→ **Exercise prompt**:
All of the records below should be output exactly.

→ **Recorded data**:
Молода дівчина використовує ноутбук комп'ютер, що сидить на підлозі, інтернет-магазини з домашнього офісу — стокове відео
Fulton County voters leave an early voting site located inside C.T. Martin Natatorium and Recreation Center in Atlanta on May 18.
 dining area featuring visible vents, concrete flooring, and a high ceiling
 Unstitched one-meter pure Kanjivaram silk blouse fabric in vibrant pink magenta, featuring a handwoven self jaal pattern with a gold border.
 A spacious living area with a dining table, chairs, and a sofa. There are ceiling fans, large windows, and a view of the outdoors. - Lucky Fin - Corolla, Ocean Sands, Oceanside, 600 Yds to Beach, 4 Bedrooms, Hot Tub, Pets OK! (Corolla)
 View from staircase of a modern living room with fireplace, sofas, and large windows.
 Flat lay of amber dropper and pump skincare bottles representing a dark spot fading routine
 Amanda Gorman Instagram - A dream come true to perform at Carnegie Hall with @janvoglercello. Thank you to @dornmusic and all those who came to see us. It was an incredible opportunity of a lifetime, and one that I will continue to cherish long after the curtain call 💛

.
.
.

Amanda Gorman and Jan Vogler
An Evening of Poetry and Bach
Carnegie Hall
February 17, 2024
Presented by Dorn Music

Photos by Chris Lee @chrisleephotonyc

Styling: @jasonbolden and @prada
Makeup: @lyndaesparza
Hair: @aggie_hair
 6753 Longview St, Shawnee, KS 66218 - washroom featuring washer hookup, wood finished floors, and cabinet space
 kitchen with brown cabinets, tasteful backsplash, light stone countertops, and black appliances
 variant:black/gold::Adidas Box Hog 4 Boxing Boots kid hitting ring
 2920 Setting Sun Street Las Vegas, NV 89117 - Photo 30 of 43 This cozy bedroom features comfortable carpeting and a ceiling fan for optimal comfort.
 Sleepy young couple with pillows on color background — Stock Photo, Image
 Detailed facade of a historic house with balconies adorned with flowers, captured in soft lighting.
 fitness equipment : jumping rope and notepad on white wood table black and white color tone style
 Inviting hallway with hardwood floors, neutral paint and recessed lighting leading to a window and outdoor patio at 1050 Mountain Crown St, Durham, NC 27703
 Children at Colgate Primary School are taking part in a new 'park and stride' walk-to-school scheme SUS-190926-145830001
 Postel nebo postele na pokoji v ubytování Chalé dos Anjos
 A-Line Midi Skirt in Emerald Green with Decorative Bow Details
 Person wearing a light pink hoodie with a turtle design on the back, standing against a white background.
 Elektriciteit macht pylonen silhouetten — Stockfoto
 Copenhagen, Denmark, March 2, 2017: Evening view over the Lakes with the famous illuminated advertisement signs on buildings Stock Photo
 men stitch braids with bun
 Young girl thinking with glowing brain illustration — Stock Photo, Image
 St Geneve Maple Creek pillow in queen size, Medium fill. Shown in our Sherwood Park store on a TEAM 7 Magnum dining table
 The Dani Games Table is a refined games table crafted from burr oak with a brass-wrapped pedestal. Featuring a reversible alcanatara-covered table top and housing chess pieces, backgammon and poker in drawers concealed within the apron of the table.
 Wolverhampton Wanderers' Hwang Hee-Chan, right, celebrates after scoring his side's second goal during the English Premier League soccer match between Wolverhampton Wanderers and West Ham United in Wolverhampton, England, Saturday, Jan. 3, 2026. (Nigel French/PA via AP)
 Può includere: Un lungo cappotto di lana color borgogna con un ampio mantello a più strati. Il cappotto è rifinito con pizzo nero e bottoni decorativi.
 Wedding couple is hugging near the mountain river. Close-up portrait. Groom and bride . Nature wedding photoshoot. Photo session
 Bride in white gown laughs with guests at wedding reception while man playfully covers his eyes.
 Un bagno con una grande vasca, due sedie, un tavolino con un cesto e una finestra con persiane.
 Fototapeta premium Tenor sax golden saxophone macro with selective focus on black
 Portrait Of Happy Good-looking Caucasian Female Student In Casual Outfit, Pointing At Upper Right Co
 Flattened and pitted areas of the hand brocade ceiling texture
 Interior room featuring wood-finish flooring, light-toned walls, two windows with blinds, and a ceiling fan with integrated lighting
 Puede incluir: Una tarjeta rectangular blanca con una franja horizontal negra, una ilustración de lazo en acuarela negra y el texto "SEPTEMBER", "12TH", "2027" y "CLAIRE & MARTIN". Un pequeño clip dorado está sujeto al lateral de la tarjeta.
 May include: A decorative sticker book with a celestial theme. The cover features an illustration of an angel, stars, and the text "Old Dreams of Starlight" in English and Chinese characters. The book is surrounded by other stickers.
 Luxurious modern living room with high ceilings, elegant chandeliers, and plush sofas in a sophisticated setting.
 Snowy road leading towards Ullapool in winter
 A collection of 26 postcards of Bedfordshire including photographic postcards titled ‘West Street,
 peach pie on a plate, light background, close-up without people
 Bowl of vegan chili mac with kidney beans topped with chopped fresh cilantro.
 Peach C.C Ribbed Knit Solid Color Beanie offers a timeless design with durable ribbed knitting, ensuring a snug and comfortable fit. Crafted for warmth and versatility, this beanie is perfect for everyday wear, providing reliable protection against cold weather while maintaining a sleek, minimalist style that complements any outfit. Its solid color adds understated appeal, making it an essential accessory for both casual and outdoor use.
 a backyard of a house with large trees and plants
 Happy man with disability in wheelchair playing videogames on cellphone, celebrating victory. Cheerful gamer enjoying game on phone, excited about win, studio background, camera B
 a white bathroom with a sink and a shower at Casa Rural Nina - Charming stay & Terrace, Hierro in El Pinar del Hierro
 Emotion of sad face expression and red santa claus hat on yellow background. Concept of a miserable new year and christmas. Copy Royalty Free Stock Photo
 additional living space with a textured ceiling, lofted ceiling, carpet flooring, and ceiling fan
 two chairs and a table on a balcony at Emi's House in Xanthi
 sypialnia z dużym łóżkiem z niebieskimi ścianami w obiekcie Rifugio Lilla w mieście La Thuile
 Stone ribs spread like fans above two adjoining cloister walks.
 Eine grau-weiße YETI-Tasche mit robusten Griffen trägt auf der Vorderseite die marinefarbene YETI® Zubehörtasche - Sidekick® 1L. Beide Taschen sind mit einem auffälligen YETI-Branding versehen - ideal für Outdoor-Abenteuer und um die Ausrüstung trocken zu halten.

→ **Solution**:
Молода дівчина використовує ноутбук комп'ютер, що сидить на підлозі, інтернет-магазини з домашнього офісу — стокове відео
Fulton County voters leave an early voting site located inside C.T. Martin Natatorium and Recreation Center in Atlanta on May 18.
 dining area featuring visible vents, concrete flooring, and a high ceiling
 Unstitched one-meter pure Kanjivaram silk blouse fabric in vibrant pink magenta, featuring a handwoven self jaal pattern with a gold border.
 A spacious living area with a dining table, chairs, and a sofa. There are ceiling fans, large windows, and a view of the outdoors. - Lucky Fin - Corolla, Ocean Sands, Oceanside, 600 Yds to Beach, 4 Bedrooms, Hot Tub, Pets OK! (Corolla)
 View from staircase of a modern living room with fireplace, sofas, and large windows.
 Flat lay of amber dropper and pump skincare bottles representing a dark spot fading routine
 Amanda Gorman Instagram - A dream come true to perform at Carnegie Hall with @janvoglercello. Thank you to @dornmusic and all those who came to see us. It was an incredible opportunity of a lifetime, and one that I will continue to cherish long after the curtain call 💛

.
.
.

Amanda Gorman and Jan Vogler
An Evening of Poetry and Bach
Carnegie Hall
February 17, 2024
Presented by Dorn Music

Photos by Chris Lee @chrisleephotonyc

Styling: @jasonbolden and @prada
Makeup: @lyndaesparza
Hair: @aggie_hair
 6753 Longview St, Shawnee, KS 66218 - washroom featuring washer hookup, wood finished floors, and cabinet space
 kitchen with brown cabinets, tasteful backsplash, light stone countertops, and black appliances
 variant:black/gold::Adidas Box Hog 4 Boxing Boots kid hitting ring
 2920 Setting Sun Street Las Vegas, NV 89117 - Photo 30 of 43 This cozy bedroom features comfortable carpeting and a ceiling fan for optimal comfort.
 Sleepy young couple with pillows on color background — Stock Photo, Image
 Detailed facade of a historic house with balconies adorned with flowers, captured in soft lighting.
 fitness equipment : jumping rope and notepad on white wood table black and white color tone style
 Inviting hallway with hardwood floors, neutral paint and recessed lighting leading to a window and outdoor patio at 1050 Mountain Crown St, Durham, NC 27703
 Children at Colgate Primary School are taking part in a new 'park and stride' walk-to-school scheme SUS-190926-145830001
 Postel nebo postele na pokoji v ubytování Chalé dos Anjos
 A-Line Midi Skirt in Emerald Green with Decorative Bow Details
 Person wearing a light pink hoodie with a turtle design on the back, standing against a white background.
 Elektriciteit macht pylonen silhouetten — Stockfoto
 Copenhagen, Denmark, March 2, 2017: Evening view over the Lakes with the famous illuminated advertisement signs on buildings Stock Photo
 men stitch braids with bun
 Young girl thinking with glowing brain illustration — Stock Photo, Image
 St Geneve Maple Creek pillow in queen size, Medium fill. Shown in our Sherwood Park store on a TEAM 7 Magnum dining table
 The Dani Games Table is a refined games table crafted from burr oak with a brass-wrapped pedestal. Featuring a reversible alcanatara-covered table top and housing chess pieces, backgammon and poker in drawers concealed within the apron of the table.
 Wolverhampton Wanderers' Hwang Hee-Chan, right, celebrates after scoring his side's second goal during the English Premier League soccer match between Wolverhampton Wanderers and West Ham United in Wolverhampton, England, Saturday, Jan. 3, 2026. (Nigel French/PA via AP)
 Può includere: Un lungo cappotto di lana color borgogna con un ampio mantello a più strati. Il cappotto è rifinito con pizzo nero e bottoni decorativi.
 Wedding couple is hugging near the mountain river. Close-up portrait. Groom and bride . Nature wedding photoshoot. Photo session
 Bride in white gown laughs with guests at wedding reception while man playfully covers his eyes.
 Un bagno con una grande vasca, due sedie, un tavolino con un cesto e una finestra con persiane.
 Fototapeta premium Tenor sax golden saxophone macro with selective focus on black
 Portrait Of Happy Good-looking Caucasian Female Student In Casual Outfit, Pointing At Upper Right Co
 Flattened and pitted areas of the hand brocade ceiling texture
 Interior room featuring wood-finish flooring, light-toned walls, two windows with blinds, and a ceiling fan with integrated lighting
 Puede incluir: Una tarjeta rectangular blanca con una franja horizontal negra, una ilustración de lazo en acuarela negra y el texto "SEPTEMBER", "12TH", "2027" y "CLAIRE & MARTIN". Un pequeño clip dorado está sujeto al lateral de la tarjeta.
 May include: A decorative sticker book with a celestial theme. The cover features an illustration of an angel, stars, and the text "Old Dreams of Starlight" in English and Chinese characters. The book is surrounded by other stickers.
 Luxurious modern living room with high ceilings, elegant chandeliers, and plush sofas in a sophisticated setting.
 Snowy road leading towards Ullapool in winter
 A collection of 26 postcards of Bedfordshire including photographic postcards titled ‘West Street,
 peach pie on a plate, light background, close-up without people
 Bowl of vegan chili mac with kidney beans topped with chopped fresh cilantro.
 Peach C.C Ribbed Knit Solid Color Beanie offers a timeless design with durable ribbed knitting, ensuring a snug and comfortable fit. Crafted for warmth and versatility, this beanie is perfect for everyday wear, providing reliable protection against cold weather while maintaining a sleek, minimalist style that complements any outfit. Its solid color adds understated appeal, making it an essential accessory for both casual and outdoor use.
 a backyard of a house with large trees and plants
 Happy man with disability in wheelchair playing videogames on cellphone, celebrating victory. Cheerful gamer enjoying game on phone, excited about win, studio background, camera B
 a white bathroom with a sink and a shower at Casa Rural Nina - Charming stay & Terrace, Hierro in El Pinar del Hierro
 Emotion of sad face expression and red santa claus hat on yellow background. Concept of a miserable new year and christmas. Copy Royalty Free Stock Photo
 additional living space with a textured ceiling, lofted ceiling, carpet flooring, and ceiling fan
 two chairs and a table on a balcony at Emi's House in Xanthi
 sypialnia z dużym łóżkiem z niebieskimi ścianami w obiekcie Rifugio Lilla w mieście La Thuile
 Stone ribs spread like fans above two adjoining cloister walks.
 Eine grau-weiße YETI-Tasche mit robusten Griffen trägt auf der Vorderseite die marinefarbene YETI® Zubehörtasche - Sidekick® 1L. Beide Taschen sind mit einem auffälligen YETI-Branding versehen - ideal für Outdoor-Abenteuer und um die Ausrüstung trocken zu halten.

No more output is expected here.